In Schlesien, Pommern und dem südlichen Ostpreußen stürmen die dort lebenden Polen schon seit Monaten die Grundbuchämter. Viele wohnen seit Kriegsende in Häusern und auf Bauernhöfen, die einst den Deutschen gehörten. Sie wollen, bevor Polen in die Europäische Union aufgenommen wird, das Eigentumsrecht an den bisher nur gepachteten Immobilien erwerben. Die Angst, daß die Vertriebenen doch noch zurückkommen und ihr früheres Eigentum zurückfordern könnten, schüren die Landsmannschaften in Deutschland ganz bewußt. Immer häufiger treffen in Polen Briefe mit deutschen Forderungen nach der Rückgabe des früheren Eigentums oder einer Entschädigung ein.

Die Vertriebenen berufen sich auf die Haager Landkriegsordnung von 1907, die in der Europäischen Union verbindlich sei und folglich auch von Polen nach seinem Beitritt respektiert werden müsse.
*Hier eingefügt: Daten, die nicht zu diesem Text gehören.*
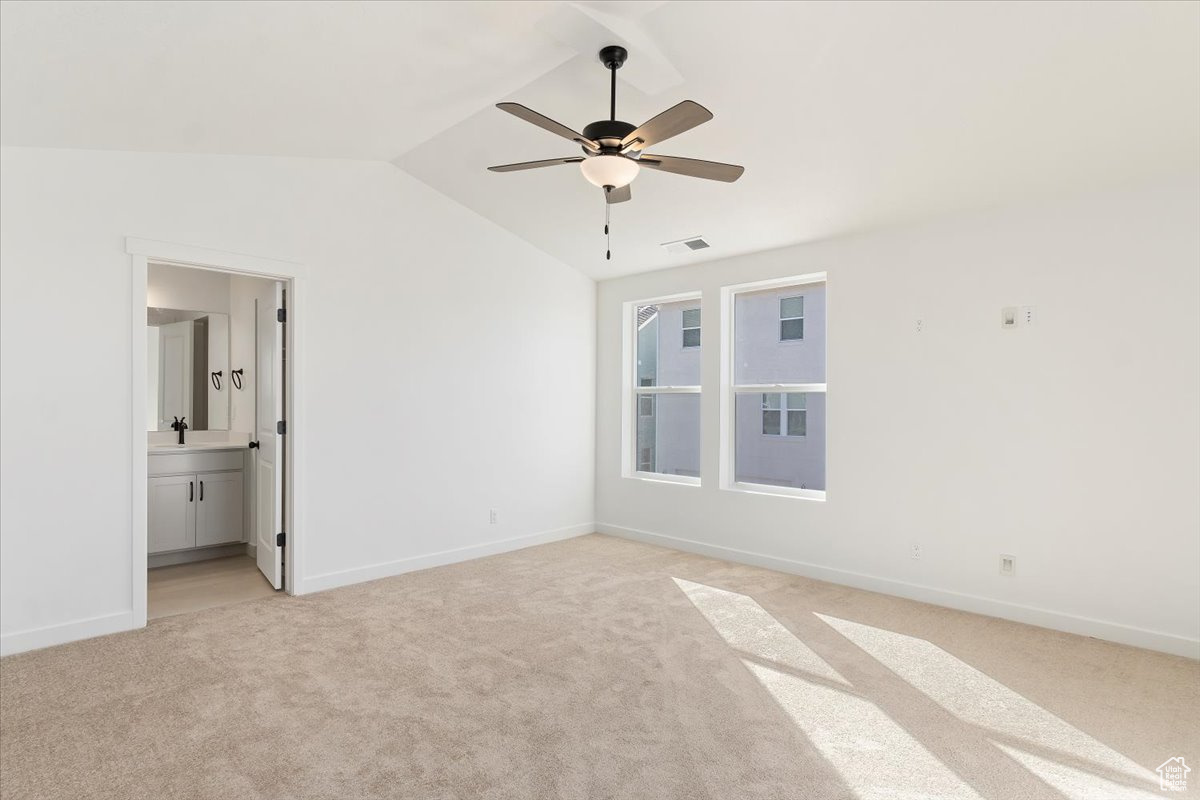 Unfurnished bedroom featuring ensuite bath, ceiling fan, sink, light colored carpet, and vaulted ceiling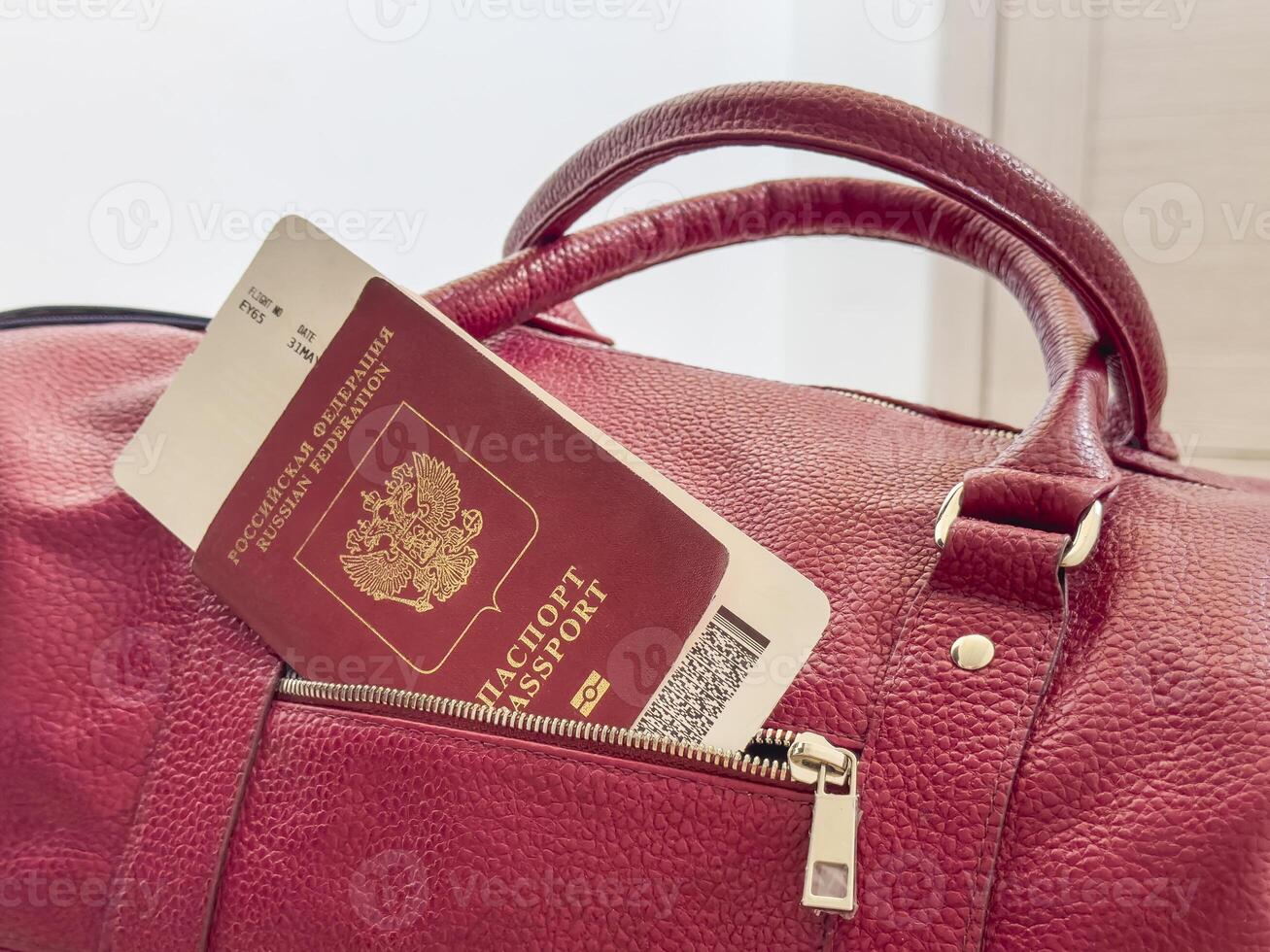 Red passport and boarding pass are sticking out of the pocket of the bag. photo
Allerdings scheinen die Vertriebenen weder den Text gelesen zu haben noch mit der Geschichte vertraut zu sein: In Artikel 46 heißt es, daß ein Staat, der im Krieg das Territorium eines anderen Staates zeitweise besetzt, dort kein Eigentum konfiszieren dürfe. Polen aber hat nach dem Zweiten Weltkrieg weder Schlesien noch Pommern oder Ostpreußen besetzt. Vielmehr haben die Siegermächte USA, Großbritannien, Sowjetunion und Frankreich in Potsdam beschlossen, daß diese Gebiete Polen bis zur endgültigen Regelung in einem Friedensvertrag zur Verwaltung übergeben werden. Die Bevölkerung sollte – auch dies ein Potsdamer Beschluß – ausgesiedelt werden. Über Eigentumsfragen hatten sich die Siegermächte keine Gedanken gemacht. In Polen wurde der Zugewinn der Gebiete im Westen als Kompensation für die Ostgebiete verstanden, die den Potsdamer Beschlüssen gemäß an die Sowjetunion fielen.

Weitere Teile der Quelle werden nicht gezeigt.